For a normal distribution, the mean, median, and mode are all equal and located at the center of the distribution.

### Q13. How Is Covariance Different from Correlation?

- **Covariance:**
  - Measures the degree to which two variables change together.
  - Provides direction (positive or negative relationship) but not the strength.
  - Scale-dependent, meaning its value depends on the units of the variables.

- **Correlation:**
  - Measures both the direction and strength of the linear relationship between two variables.
  - Standardized measure, ranging from -1 to 1, making it unit-free and easier to interpret.
  - Provides a more complete picture of the relationship between variables.

### Q14. How Do Outliers Affect Measures of Central Tendency and Dispersion? Provide an Example.

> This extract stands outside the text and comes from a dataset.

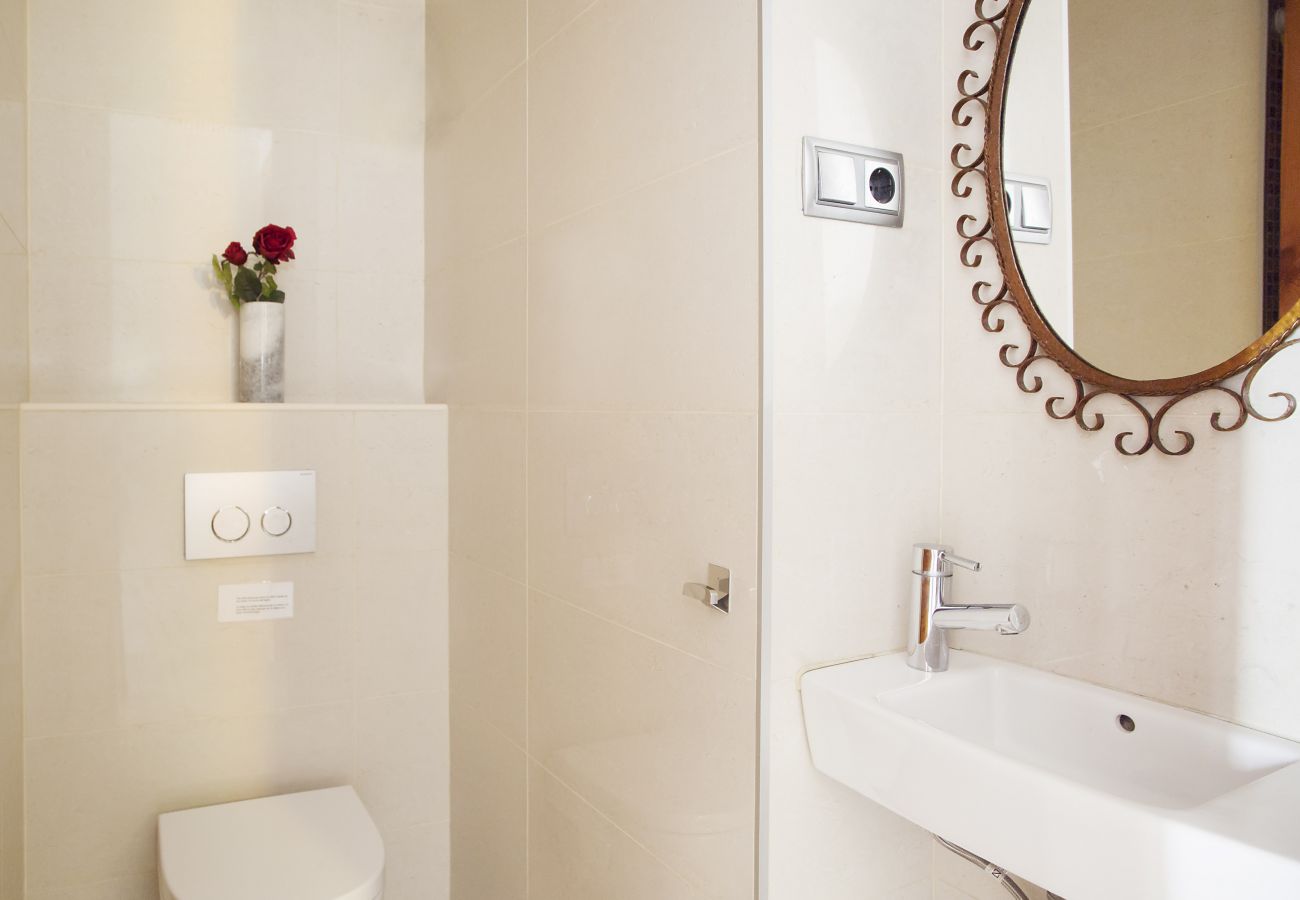Appartement à Barcelone - VILADOMAT, appartement grand, spacieux, lumineux, confortable, tranquile en Barcelone centre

- **Effect on Central Tendency:**
  - **Mean:** Highly affected by outliers because it takes into account all data points. A single extreme value can significantly shift the mean.
  - **Median:** Less affected by outliers because it is the middle value and does not depend on the magnitude of the data points.
  - **Mode:** Not affected by outliers as it only considers the most frequent value.

- **Effect on Dispersion:**
  - **Range:** Greatly affected by outliers as it is the difference between the maximum and minimum values.
  - **Variance and Standard Deviation:** Highly affected by outliers since they are based on the squared deviations from the mean.

- **Example:**
  Dataset without outlier: \([10, 12, 13, 15, 17]\)
  - Mean: \(\frac{10 + 12 + 13 + 15 + 17}{5} = 13.4\)
  - Median: 13
  - Standard Deviation: \(\approx 2.61\)

  Dataset with outlier: \([10, 12, 13, 15, 17, 100]\)
  - Mean: \(\frac{10 + 12 + 13 + 15 + 17 + 100}{6} \approx 27.83\)
  - Median: 14
  - Standard Deviation: \(\approx 33.27\)

  In the second dataset, the outlier (100) significantly increases the mean and standard deviation, showing how sensitive these measures are to extreme values. The median, however, changes only slightly.